Make an exact copy of the entries, and keep any pictures out of it.

_Entries provided_
⟨

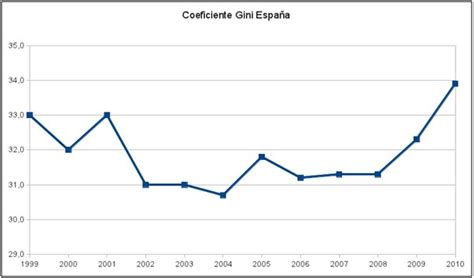 Gráfico que muestra la evolución del coeficiente de Gini en España entre 2007 y 2019.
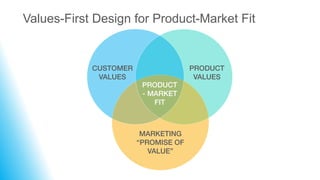 Values-First Design for Product-Market Fit
CUSTOMER
VALUES
PRODUCT
VALUES
MARKETING
“PROMISE OF
VALUE”
PRODUCT
- MARKET
FIT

⟩

_Solution below_
 Gráfico que muestra la evolución del coeficiente de Gini en España entre 2007 y 2019.
 Values-First Design for Product-Market Fit
CUSTOMER
VALUES
PRODUCT
VALUES
MARKETING
“PROMISE OF
VALUE”
PRODUCT
- MARKET
FIT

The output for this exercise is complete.